Exemplary known composite cables may not meet flame, water penetration, mechanical, and/or environmental cable performance standards, and may not be suitable for all indoor or indoor/outdoor applications. For example, U.S. Pat. No. 5544270 discloses a composite cable having multiple twisted pairs of electrical conductors in combination with optical fiber conductors. The cable has interstices between the twisted pair conductors and optical fiber conductors and, as none of the interstices include water blocking components, the cable may not meet water penetration standards.
Another composite cable that may not be suitable for all indoor or indoor/outdoor applications is disclosed in U.S. Pat. No. 5539851. The cable includes a single central, tight buffered optical fiber surrounded by a ring of electrical conductors and a braided sheath RFI shield. The optical fiber is immediately surrounded by a KEVLAR sleeve and a TEFLON jacket. Because the composite cable has a single fiber, it has limited information carrying capacity. Additionally, the composite cable does not provide water blocking features in the interstices adjacent to the electrical conductors. Moreover, the combination of a KEVLAR sleeve, TEFLON jacket, a ring of electrical conductors, and a braided sheath results in a large, stiff composite cable that is not particularly suited to being routed through cable passageways.

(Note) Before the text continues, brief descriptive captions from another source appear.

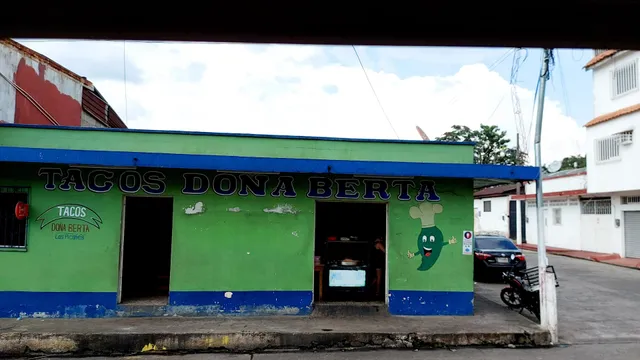 Tacos Doña Berta La Calzada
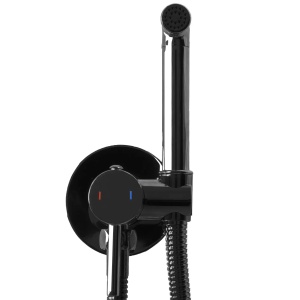 Baterie bideu Lungo Loop Black Metallic - Img 4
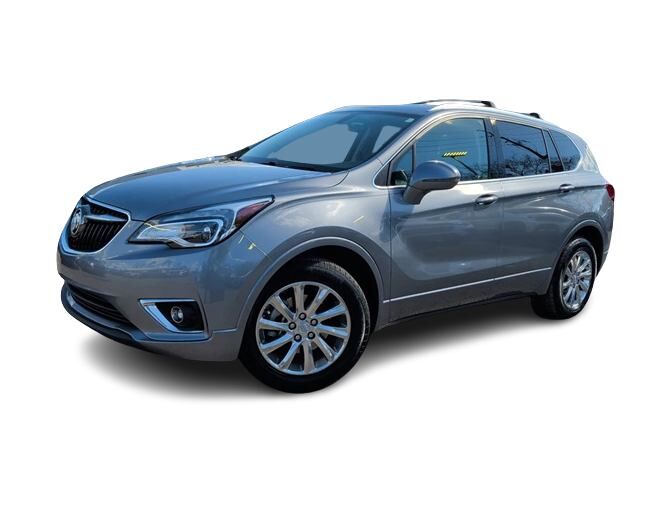 2019 BUICK Envision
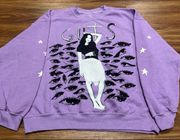 Olivia Rodrigo Guts Crewneck Sz All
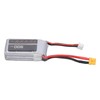 LiPo Battery 25C 900mAh XT30 Connector Stable Powerful Performance RC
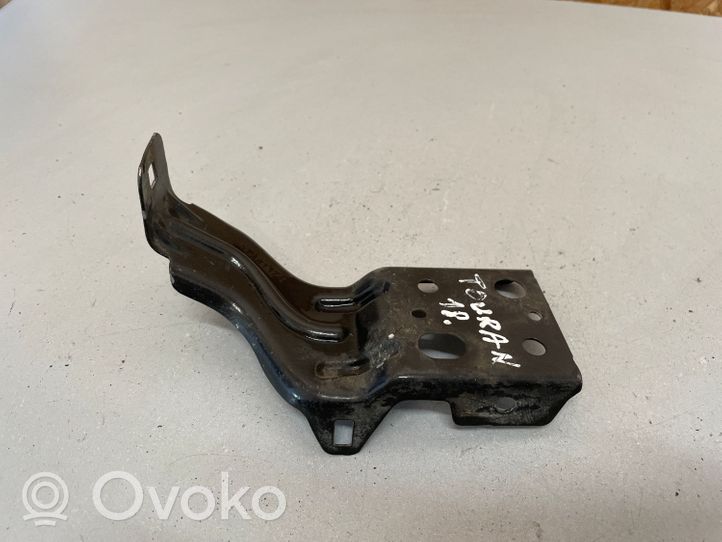 Volkswagen Touran III Support de montage d'aile 5TA81374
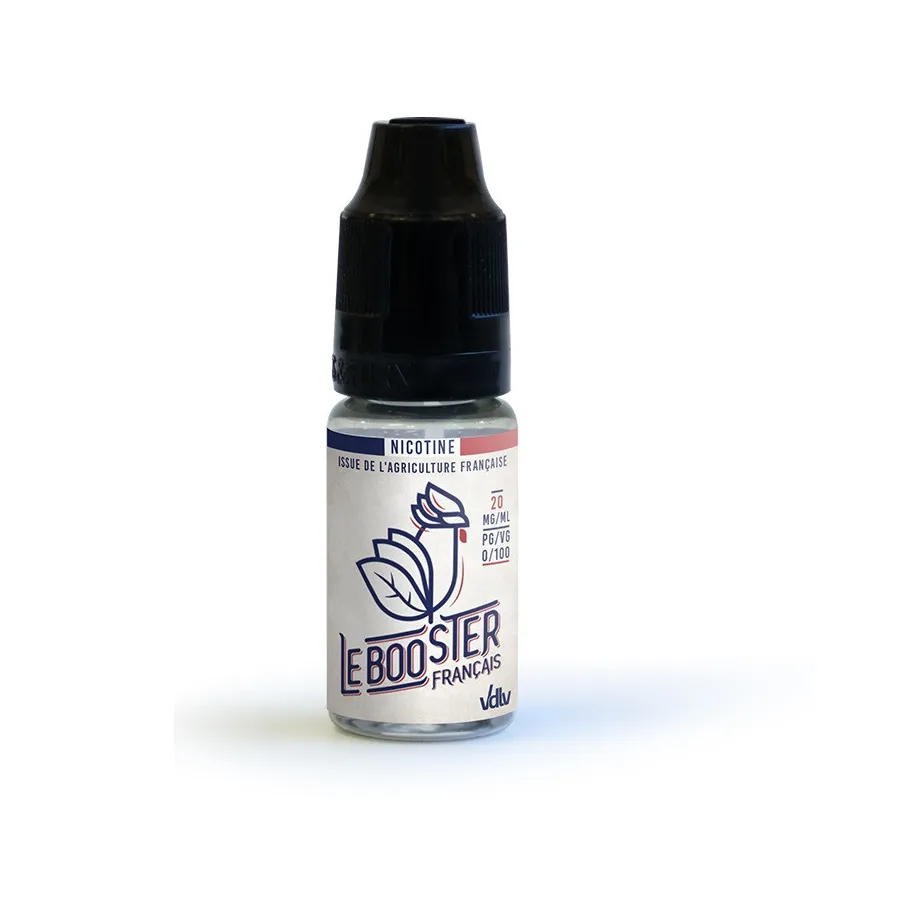 Booster 20 mg Full VG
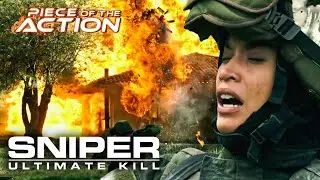 Sniper: Ultimate Kill | Sniper In Colombia Takes Down DEA Officers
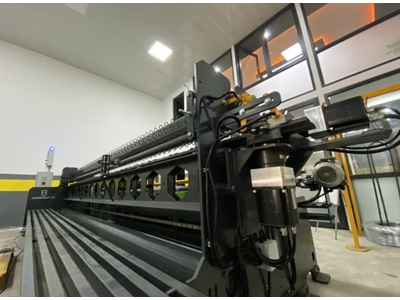 SVR Bee - 4 ( 600 - 650 m² / Saat ) Tam Otomatik Altıgen Tel Örme Makinesi - 4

A cable that may be suitable for use in indoor applications is disclosed in U.S. Pat. No. 5481635. The cable includes a single large, central broadband coaxial cable, a set of voice-line twisted pair conductors, and a set of power conductors disposed around the coaxial conductor. Water blocking members are disposed about the coaxial cable. Compared to a fiber optic core, however, a coaxial core is disadvantageous because it has a smaller bandwidth capacity, and is subject to higher power loss. Moreover, the coaxial conductor is subject to electromagnetic interference, impedance, and electrical cross talk. Further, the coaxial conductor core is generally relatively heavier and larger, rendering it potentially difficult to route through cable passageways. Additionally, the coaxial conductor presents a spark hazard. Finally, because the coaxial conductor emits electromagnetic energy, it is easier to tap and is therefore less secure than a optical fiber core.